Juju and Nagios, sittin' in a tree.. (Part 1)

Monitoring. Could it get any more nerdy than monitoring? Well I think we can make monitoring cool again...

If you're using Juju, Nagios is about to get a lot easier to leverage into your environment. Anyone who has ever tried to automate their Nagios configuration, knows that it can be daunting. Nagios is so flexible and has so many options, its hard to get right when doing it by hand. Automating it requires even more thought. Part of this is because monitoring itself is a bit hard to genercise. There are lots of types of monitors. Nagios really focuses on two of these:

Service monitoring - Make a script that pretends to be a user and see if your synthetic monitor sees what you expect.
Resource monitoring - Look at the counters and metrics afforded a user of a normal system.

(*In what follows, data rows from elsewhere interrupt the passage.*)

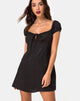 Image of Gaval Minikleid aus Satin Gepard Schwarz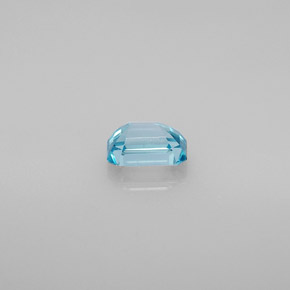 1.02캐럿 천연 블루 지르콘, 에메랄드 컷, 6.1×4.3 mm, VVS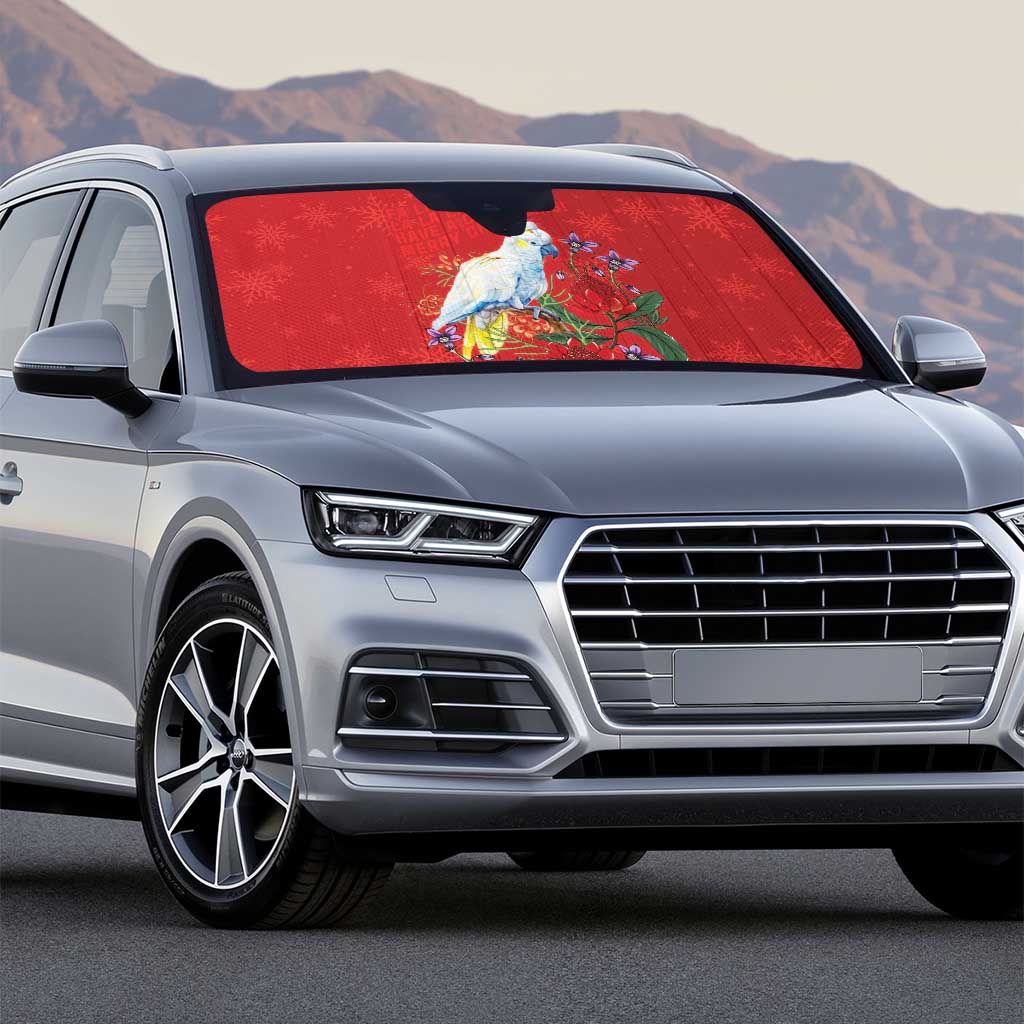 Merry Cocka-mas Auto Sun Shade Australia Christmas Red Art - Aussie Hoodie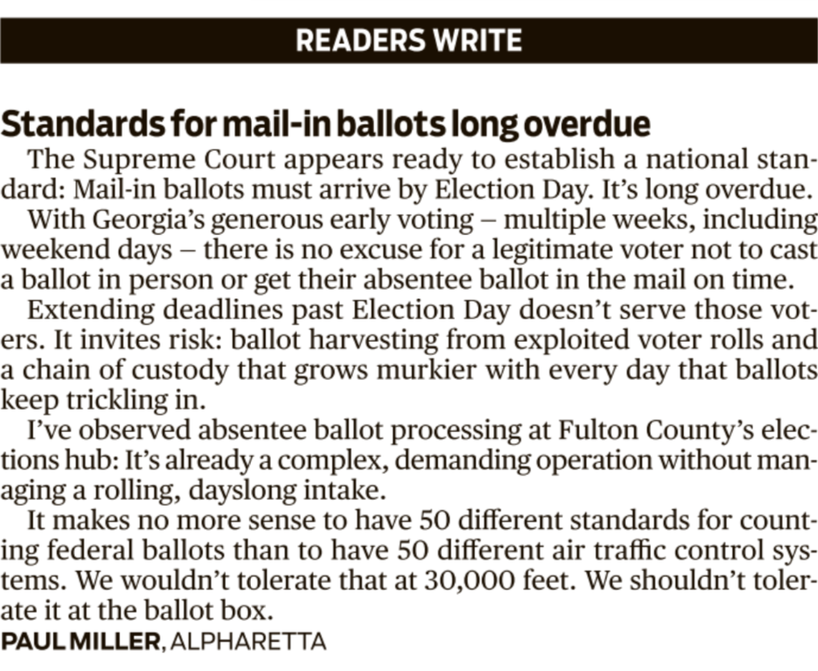 Standards for mail in ballots - OpEd 3-31-26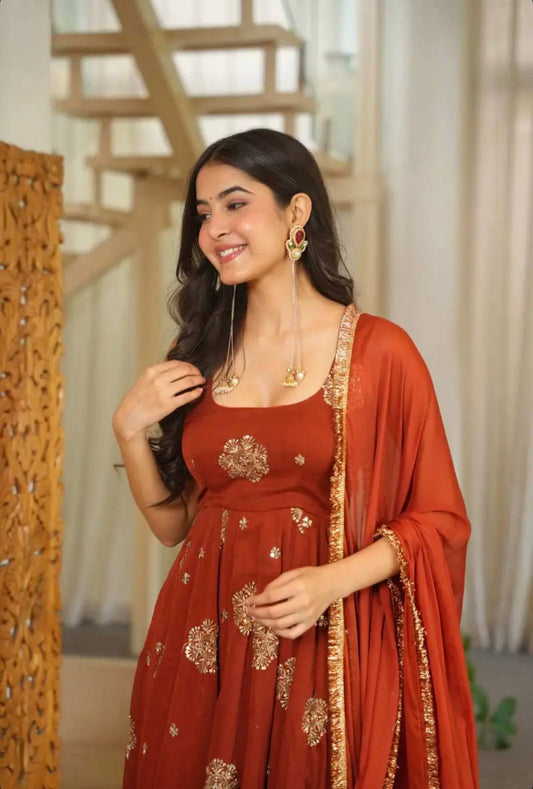Doremon Crush Embroidered Sequence Work Gown Set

The trick is, the service monitoring wants to interrogate the real services from outside of the machine, while the resource monitoring wants to see things only visible with privileged access. This is why we have NRPE, or "Nagios Remote Plugin Executor" (and NSCA, and munin, but ignore those for now). NRPE is a little daemon that runs on a server and will run a nagios plugin script, returning the result when asked by Nagios. With this you get those privileged things like how much RAM and disk space is used. Normally when you want to use Nagios, you need to sit down and figure out how to tell it to monitor all of your stuff. This involves creating generic objects, figuring out how to get your list of hosts into nagios's config files, and how to get the classifications for said hosts into nagios. Does anybody trying to make sure their pager goes off when things are broken actually want to learn Nagios? So, here's how to get Nagios in your Juju environment. First lets assume you have deployed a stack of applications.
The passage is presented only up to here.